* [Exercise]
Repeat the whole listing word for word, skipping pictures.
BEGIN Provided data
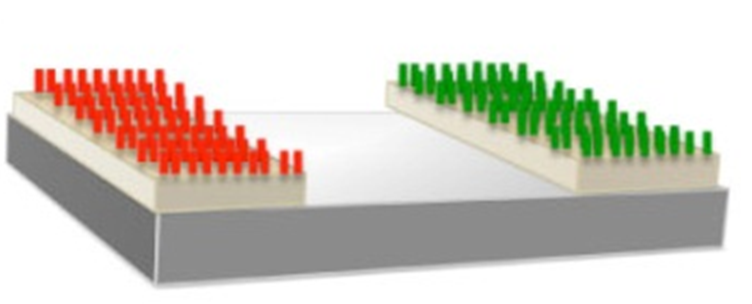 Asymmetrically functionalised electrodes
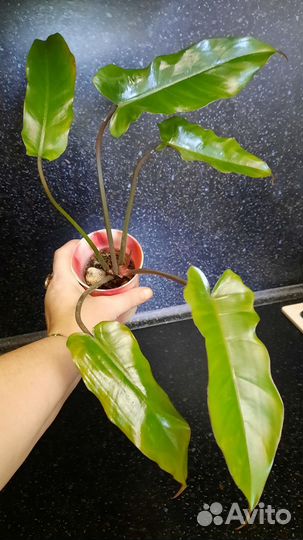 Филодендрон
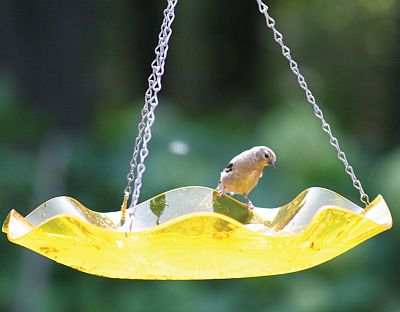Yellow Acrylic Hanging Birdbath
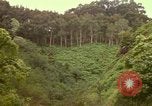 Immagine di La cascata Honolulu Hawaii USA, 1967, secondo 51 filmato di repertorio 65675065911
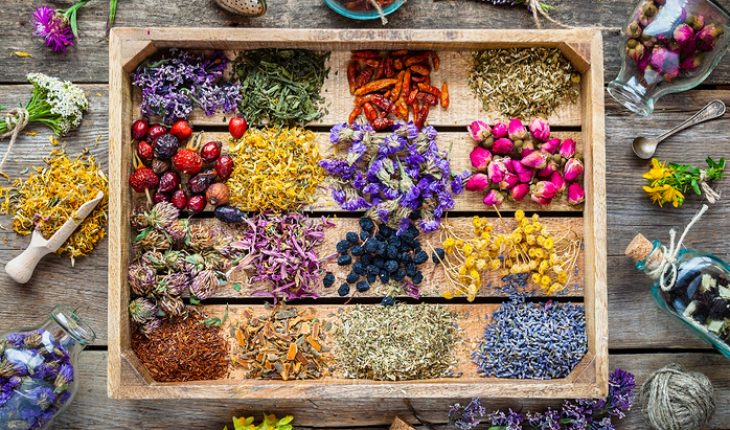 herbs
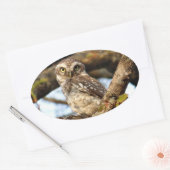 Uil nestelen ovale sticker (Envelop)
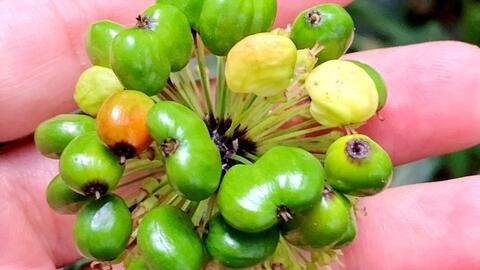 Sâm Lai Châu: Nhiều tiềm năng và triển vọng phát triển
END Provided data
* [Result of the exercise]
 Asymmetrically functionalised electrodes
 Филодендрон
Yellow Acrylic Hanging Birdbath
 Immagine di La cascata Honolulu Hawaii USA, 1967, secondo 51 filmato di repertorio 65675065911
 herbs
 Uil nestelen ovale sticker (Envelop)
 Sâm Lai Châu: Nhiều tiềm năng và triển vọng phát triển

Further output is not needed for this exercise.